ABD, NATO'daki Avrupalı ortaklarından daha fazla finansal destek istediğine göre, Avrupa'nın daha çok söz hakkı olmasını da kabul etmek zorunda. Bu da meseleyi iyice karmaşıklaştırıyor, diyor Hospodářské noviny:
“Ne için daha çok nakit gerektiğinin dillendirilmesi gerekiyor. Bunu en net uluslararası terörizmde görüyoruz ki, bunun da en görünür örneği IŞİD. Ancak bu konuda ABD ve Avrupa arasında farklar var. Her devlet ülke sınırları dışında operasyon yapacak askeri güce sahip değil. Bütün hükümetler ve kamuoyları da yurtdışına askeri birlik göndermeye razı değil. Daha büyük bir tartışma konusu ise, Putin Rusya'sının yarattığı güvenlik tehdidi, ki bu tartışma Avrupa ülkeleriyle sınırlı değil. ... Nato'daki tartışmaları şimdiye kadar hep ABD belirledi. Şimdi Avrupa güvenlik konusunda daha büyük sorumluluklar alacaksa, daha fazla söz sahibi olmasını da ABD'nin kabul etmesi lazım. ”
Almanya'nın süper güç olmasını kim ister ki?

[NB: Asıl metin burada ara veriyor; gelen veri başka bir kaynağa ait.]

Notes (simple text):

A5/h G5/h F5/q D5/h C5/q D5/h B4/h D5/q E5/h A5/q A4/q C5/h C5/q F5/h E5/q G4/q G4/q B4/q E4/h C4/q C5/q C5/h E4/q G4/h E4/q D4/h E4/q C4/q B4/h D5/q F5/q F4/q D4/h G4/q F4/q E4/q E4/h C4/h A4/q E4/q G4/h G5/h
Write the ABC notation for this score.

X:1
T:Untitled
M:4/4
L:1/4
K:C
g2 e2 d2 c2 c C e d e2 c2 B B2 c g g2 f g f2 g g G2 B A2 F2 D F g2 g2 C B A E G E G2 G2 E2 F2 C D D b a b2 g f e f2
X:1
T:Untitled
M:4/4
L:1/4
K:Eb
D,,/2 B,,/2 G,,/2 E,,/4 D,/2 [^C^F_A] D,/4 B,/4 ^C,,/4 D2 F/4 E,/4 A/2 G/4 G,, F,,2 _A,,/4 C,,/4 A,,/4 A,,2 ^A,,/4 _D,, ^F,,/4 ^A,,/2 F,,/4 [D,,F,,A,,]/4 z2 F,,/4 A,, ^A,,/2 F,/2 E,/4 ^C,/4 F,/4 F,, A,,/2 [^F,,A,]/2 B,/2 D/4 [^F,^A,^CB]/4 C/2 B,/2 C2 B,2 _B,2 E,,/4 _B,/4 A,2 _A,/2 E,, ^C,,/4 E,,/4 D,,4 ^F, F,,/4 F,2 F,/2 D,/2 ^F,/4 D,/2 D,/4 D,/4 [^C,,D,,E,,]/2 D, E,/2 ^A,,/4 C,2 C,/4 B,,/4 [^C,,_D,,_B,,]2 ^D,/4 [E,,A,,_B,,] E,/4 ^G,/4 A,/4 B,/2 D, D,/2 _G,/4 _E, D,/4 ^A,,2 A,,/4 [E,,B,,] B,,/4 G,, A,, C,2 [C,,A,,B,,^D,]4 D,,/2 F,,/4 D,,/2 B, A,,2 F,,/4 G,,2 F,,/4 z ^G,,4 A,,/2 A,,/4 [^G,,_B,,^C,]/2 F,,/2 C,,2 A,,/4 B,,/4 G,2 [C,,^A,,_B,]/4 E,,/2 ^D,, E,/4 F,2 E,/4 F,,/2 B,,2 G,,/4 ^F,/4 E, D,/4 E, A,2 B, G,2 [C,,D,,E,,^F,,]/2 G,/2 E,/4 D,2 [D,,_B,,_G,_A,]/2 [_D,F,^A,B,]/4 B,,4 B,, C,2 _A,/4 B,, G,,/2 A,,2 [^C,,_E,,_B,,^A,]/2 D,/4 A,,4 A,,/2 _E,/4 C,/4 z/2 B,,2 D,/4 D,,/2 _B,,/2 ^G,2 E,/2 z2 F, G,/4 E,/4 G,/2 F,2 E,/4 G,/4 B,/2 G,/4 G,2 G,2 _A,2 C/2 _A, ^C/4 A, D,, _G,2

Büyük Britanya yüzde iki hedefine ulaşan tek büyük Avrupa ülkesi. Fransa ise, çok küçük bir farkla hedefin altında kalıyor. Diário de Notícias gazetesi Pence'in çağrısının öncelikle Almanya'ya yönelik olduğunu, ancak bunun çok kısa vadeli bir düşünce olduğunu söylüyor:
“Almanya askeri harcamalarını arttırdı arttırmasına, ama yüzde iki hedefine ancak 2024 yılında ulaşacak. ... Öte yandan Başbakan Angela Merkel'in dördüncü görev döneminde Trump'ın ve Pence'in isteklerine boyun eğmesi, NATO için mutlaka hayırlı olacak anlamına gelmiyor. Almanya'nın askeri harcamalarını 36 milyar avrodan yaklaşık 60 milyar avroya çıkarmasından diğer NATO üyelerinin rahatsız olmayacağı söylenemez. Zira bu, Avrupa'da Almanya'ya askeri bir üstünlük sağlayacak ve Britanya ve Fransa için kolay yutulur bir lokma olmayacaktır.”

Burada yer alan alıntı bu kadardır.